Judge of the High Court
- Incumbent
- Assumed office March 2021
- Nominated by: Government of Ireland
- Appointed by: Michael D. Higgins

Personal details
- Born: Limerick, Ireland
- Education: University College Cork; University of Cambridge; King's Inns;

= Siobhán Stack =

Irish barrister, High Court judge nominee

Siobhán Stack is an Irish judge and lawyer who has served as a Judge of the High Court since March 2021. She was previously a barrister and academic.

== Early life ==
Stack is from County Limerick. She studied law at University College Cork, obtaining BCL and LLM degrees, and graduated from the University of Cambridge with an LL.M. degree. She subsequently studied at the King's Inns in order to become a barrister.

== Legal career ==
She first worked as a law lecturer at University College Dublin, before qualifying as a barrister in 1995. She commenced practice in 1996 and became a senior counsel in October 2013. Her practice encompassed judicial review, asylum law, European Union law and law relating to the European Convention on Human Rights.
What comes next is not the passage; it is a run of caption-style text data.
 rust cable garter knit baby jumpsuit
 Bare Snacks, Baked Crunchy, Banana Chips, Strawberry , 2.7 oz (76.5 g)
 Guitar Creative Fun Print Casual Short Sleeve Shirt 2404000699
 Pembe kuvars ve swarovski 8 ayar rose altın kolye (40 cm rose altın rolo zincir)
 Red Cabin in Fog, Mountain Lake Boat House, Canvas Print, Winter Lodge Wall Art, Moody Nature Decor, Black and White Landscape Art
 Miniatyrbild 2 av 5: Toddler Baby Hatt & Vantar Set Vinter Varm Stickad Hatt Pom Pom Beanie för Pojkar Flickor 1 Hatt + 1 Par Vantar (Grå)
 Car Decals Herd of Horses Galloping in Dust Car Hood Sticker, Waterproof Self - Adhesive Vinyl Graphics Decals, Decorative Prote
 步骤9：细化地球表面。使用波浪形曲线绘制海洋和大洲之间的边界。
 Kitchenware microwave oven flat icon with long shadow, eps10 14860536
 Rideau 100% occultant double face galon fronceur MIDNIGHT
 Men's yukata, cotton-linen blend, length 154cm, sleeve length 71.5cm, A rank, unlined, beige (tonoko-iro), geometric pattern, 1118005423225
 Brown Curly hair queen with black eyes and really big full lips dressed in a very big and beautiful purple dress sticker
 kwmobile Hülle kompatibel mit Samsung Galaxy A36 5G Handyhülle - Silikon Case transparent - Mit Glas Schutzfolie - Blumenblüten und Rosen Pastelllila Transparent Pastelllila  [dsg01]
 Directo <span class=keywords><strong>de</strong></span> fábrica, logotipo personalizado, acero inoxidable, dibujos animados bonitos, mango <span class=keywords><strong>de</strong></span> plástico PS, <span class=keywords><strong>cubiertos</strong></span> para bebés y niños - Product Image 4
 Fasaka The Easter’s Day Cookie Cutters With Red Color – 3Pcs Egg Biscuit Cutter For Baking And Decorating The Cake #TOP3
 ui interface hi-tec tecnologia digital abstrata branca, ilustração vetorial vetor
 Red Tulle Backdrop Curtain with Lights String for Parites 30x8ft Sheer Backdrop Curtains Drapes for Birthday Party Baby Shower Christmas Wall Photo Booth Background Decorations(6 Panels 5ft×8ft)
She has frequently appeared on behalf of the Irish government and has acted for defendants in the Special Criminal Court. She was counsel for Eamonn Harrison in his extradition hearing in connection with the Essex lorry deaths and counsel for the Minister for Justice in the Supreme Court of Ireland in constitutional proceedings taken by Ali Charaf Damache. She represented Ireland at a hearing of the European Court of Justice in relation to the European Arrest Warrant in 2016.

In 2019, High Court judge Richard Humphreys made critical comments of Stack and another barrister in his published opinion in a case they appeared in. In the case's appeal to the Supreme Court, Supreme Court Justice Marie Baker said the comments were "on any view offensive and humiliating" and that they "have no place in a judgement".

Outside of legal practice, she contributed to summaries of court decisions in The Irish Times and to a text on asylum law, in addition to acting as professional practice editor of the Irish Journal of European Law. She has guest lectured in asylum law at the King's Inns.

== Judicial career ==
Stack was nominated to become a judge of the High Court in March 2021, following the retirement of Bernard Barton. She made her declaration of office on 26 March 2021.

She has presided over cases involving personal injuries, injunctions, constitutional law, trustee law and judicial review.